“Retarded”

C— or R— admonished me via email about my use of “retarded.” The last time a reader objected to my use of “retarded,” I had used it in reference to my imaginary puppy. In “Yoga,” I used “retarded” in reference to me. C— and R— sound like a couple that share an email address, although the unsigned text is written in first-person singular, so I don’t know who actually wrote the message. Either way, I don’t think I’ve ever been taken to task more gently than by R— or C—. I hope I’m as nice. Prolly not.

I used “retarded” this time as an afterthought and at first attributed my initial rejection of yoga to “insanity,” which nobody seems to mind. Then I decided or realized that since I eventually came to a better understanding, I could be described as slow in developing whatever faculty was involved in the decision. I was “retarded,” off the pace.

C— or R— suggests that I could have used a less loaded term and still made my point. Obviously, and offense is still a choice, though perhaps an unconscious one, and I think the cause of hurt feelings may be the judgment that intellectual facility is of primary importance to all people everywhere, and so those whose intelligence is deemed deficient are victims of misfortune and it’s bad juju to mention it.

I used to think that intellect was the most important thing in life. As much as anything, I thought that way because I attended public primary and secondary schools, where it was made clear for 12 fucking years that fast, accurate answers were students’ highest duty after obedience to all authority, including the janitor. Children who couldn’t remember enough facts or respond quickly or stay in line were devalued and failed by teachers, and denigrated and ostracized by other children.

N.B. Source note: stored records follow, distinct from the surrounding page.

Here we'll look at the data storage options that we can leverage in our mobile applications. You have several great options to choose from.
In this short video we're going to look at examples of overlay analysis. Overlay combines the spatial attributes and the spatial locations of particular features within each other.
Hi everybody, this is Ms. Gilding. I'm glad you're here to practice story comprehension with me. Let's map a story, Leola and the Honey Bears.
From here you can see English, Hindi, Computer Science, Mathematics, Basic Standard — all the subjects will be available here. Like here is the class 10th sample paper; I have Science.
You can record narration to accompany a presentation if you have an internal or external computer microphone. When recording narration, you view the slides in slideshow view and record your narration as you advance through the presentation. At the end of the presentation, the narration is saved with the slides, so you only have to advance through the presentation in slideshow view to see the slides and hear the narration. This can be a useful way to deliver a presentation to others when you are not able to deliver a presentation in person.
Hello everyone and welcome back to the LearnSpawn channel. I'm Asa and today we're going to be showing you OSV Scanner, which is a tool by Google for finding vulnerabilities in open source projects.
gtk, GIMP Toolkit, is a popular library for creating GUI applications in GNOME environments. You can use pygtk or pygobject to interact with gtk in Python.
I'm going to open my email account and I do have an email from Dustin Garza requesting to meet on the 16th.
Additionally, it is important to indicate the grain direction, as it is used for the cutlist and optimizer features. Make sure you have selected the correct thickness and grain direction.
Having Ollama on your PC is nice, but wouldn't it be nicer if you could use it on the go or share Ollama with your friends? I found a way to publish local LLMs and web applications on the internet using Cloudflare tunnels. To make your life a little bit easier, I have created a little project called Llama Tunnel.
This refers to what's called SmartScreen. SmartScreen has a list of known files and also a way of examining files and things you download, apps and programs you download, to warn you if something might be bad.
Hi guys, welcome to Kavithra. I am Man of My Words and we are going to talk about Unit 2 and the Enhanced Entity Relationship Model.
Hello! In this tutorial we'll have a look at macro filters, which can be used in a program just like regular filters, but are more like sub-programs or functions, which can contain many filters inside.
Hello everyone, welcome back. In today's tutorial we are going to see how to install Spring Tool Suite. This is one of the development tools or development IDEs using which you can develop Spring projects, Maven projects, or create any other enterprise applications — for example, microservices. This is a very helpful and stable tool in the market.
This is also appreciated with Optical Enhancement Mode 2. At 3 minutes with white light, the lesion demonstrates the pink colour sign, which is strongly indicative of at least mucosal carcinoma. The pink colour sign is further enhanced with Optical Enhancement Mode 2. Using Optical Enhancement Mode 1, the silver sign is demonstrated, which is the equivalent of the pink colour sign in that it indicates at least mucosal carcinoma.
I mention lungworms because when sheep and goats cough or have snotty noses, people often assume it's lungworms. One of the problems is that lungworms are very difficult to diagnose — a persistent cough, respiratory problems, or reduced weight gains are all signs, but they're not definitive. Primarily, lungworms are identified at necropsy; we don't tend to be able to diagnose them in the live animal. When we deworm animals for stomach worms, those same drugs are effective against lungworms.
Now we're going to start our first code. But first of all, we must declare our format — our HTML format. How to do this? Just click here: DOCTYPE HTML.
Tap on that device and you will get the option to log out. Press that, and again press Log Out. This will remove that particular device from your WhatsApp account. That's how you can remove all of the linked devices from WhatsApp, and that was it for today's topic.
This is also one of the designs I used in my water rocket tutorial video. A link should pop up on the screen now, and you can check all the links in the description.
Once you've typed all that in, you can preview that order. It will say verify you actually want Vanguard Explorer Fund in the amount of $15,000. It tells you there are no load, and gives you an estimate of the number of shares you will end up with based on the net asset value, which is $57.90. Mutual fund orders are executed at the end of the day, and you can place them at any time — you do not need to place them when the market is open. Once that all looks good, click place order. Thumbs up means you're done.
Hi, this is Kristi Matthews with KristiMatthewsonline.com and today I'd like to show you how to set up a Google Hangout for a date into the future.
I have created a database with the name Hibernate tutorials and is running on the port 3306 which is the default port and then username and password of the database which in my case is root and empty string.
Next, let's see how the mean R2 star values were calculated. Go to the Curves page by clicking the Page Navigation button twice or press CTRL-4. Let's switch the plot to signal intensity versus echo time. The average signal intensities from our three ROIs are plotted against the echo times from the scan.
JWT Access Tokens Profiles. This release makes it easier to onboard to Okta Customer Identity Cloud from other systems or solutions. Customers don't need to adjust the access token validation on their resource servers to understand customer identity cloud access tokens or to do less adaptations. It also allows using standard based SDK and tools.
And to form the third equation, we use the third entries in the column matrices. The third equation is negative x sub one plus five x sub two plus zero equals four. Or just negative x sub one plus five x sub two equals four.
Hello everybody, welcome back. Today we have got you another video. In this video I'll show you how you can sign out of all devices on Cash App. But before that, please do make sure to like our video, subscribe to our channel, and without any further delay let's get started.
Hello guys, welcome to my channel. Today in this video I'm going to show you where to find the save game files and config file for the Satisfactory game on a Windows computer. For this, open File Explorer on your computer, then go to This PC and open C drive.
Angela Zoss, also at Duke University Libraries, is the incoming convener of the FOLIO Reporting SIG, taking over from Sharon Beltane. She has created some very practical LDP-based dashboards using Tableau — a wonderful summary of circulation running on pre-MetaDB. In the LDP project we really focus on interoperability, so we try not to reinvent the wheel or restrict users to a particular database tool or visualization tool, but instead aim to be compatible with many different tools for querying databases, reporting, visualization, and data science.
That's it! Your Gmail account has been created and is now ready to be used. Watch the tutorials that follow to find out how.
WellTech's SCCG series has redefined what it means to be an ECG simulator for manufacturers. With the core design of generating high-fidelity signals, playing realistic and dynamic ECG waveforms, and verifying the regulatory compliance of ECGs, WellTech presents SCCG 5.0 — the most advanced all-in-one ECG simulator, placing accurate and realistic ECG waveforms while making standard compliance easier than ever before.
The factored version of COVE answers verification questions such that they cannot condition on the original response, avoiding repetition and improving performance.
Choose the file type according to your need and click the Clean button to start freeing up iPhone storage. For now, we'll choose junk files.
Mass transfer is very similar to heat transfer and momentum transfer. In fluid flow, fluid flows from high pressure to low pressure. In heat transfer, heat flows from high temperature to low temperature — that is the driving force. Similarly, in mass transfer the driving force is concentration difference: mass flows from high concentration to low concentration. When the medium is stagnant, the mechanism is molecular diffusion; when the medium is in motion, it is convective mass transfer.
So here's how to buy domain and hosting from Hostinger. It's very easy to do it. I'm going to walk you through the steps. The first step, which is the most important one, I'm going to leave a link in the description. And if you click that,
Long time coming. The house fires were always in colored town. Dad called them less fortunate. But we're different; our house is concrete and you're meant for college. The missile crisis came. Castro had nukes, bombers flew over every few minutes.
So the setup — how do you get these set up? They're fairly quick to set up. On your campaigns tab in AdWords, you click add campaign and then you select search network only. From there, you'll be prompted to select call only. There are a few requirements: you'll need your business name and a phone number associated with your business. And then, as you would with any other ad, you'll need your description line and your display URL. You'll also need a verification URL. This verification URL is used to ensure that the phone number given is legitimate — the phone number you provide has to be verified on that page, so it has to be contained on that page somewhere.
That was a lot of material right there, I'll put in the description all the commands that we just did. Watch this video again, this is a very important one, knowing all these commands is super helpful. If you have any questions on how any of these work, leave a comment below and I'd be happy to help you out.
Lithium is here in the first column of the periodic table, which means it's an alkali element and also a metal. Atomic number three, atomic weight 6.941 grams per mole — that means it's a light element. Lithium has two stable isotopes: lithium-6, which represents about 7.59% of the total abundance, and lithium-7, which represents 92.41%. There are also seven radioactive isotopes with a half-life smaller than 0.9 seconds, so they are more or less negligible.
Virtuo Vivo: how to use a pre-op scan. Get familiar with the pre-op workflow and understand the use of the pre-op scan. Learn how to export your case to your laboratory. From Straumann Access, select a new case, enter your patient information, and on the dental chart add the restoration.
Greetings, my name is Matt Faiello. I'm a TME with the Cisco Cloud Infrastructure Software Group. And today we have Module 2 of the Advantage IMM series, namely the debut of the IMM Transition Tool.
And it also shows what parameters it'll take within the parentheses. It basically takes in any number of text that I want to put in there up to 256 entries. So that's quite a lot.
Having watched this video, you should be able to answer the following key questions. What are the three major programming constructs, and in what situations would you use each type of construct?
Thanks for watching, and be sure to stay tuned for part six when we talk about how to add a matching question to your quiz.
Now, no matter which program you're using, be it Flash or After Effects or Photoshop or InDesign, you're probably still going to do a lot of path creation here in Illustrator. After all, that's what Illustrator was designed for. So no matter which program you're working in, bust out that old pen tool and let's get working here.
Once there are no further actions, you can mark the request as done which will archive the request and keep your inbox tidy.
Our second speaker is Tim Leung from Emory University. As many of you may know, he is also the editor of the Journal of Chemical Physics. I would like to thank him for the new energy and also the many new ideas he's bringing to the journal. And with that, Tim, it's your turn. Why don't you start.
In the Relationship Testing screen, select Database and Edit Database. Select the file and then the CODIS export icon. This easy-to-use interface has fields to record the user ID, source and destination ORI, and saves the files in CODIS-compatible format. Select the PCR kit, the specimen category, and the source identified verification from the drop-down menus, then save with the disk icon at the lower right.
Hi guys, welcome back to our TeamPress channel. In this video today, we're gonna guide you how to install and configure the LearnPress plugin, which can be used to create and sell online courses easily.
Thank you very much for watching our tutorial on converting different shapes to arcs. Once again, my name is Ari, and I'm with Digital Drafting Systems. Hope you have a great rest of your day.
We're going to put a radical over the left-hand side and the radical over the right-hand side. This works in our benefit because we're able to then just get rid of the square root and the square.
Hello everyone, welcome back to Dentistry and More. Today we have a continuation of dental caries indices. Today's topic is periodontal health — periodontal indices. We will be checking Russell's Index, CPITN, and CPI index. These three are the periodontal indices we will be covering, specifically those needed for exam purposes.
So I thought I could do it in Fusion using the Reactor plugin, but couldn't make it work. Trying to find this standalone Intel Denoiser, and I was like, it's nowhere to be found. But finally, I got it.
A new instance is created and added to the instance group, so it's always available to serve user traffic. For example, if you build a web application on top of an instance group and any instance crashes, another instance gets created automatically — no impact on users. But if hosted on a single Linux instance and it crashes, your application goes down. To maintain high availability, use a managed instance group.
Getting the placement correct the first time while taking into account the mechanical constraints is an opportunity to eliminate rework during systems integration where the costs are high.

Now I don’t think much of conventional intelligence. It’s just conventional and useful for making things, especially out of petroleum. I don’t think of retarded, or intellectually challenged, or developmentally disabled, or downright stupid people as deficient or unable to have a rich life experience or in any way less than I am. I respect tardos as people and thinking of them or hearing someone refer to them or me as retarded doesn’t make me feel bad.

A friend suggested that labels are lies anyway. Yes, they are, and labels for realities are about all language has to offer. If a label is a useful lie, I’m fine with it. R— or C—sounds like a good person, at least that’s my judgment, and I hope she or he can accept that nobody controls language, no matter how kindly their motives. Relax, it’s all good.

5 comments

  1. Interesting that “retarded” came out the same day that i found this startling information: Called on by the serial womanizer Joseph Kennedy to “treat” his gregarious, free-spirited 21 year old beautiful daughter, Rosemary (sister of John Kennedy), Freeman’s lobotomy rendered her so passive and dysfunctional that the family had to pass her off as “mentally retarded,” and she spent the next 63 years in the care of nuns. In an attempt to hide the disgraceful butchery of his daughter, Kennedy and his family donned the mantle of protectors of the mentally ill and mentally retarded.

  2. Anonymous says:

    What a disgusting article! I am deeply saddened, disturbed, and appalled by your complete lack of compassion and respect for cats. “ . . . my front yard would be big enough to swing a dead cat . . .”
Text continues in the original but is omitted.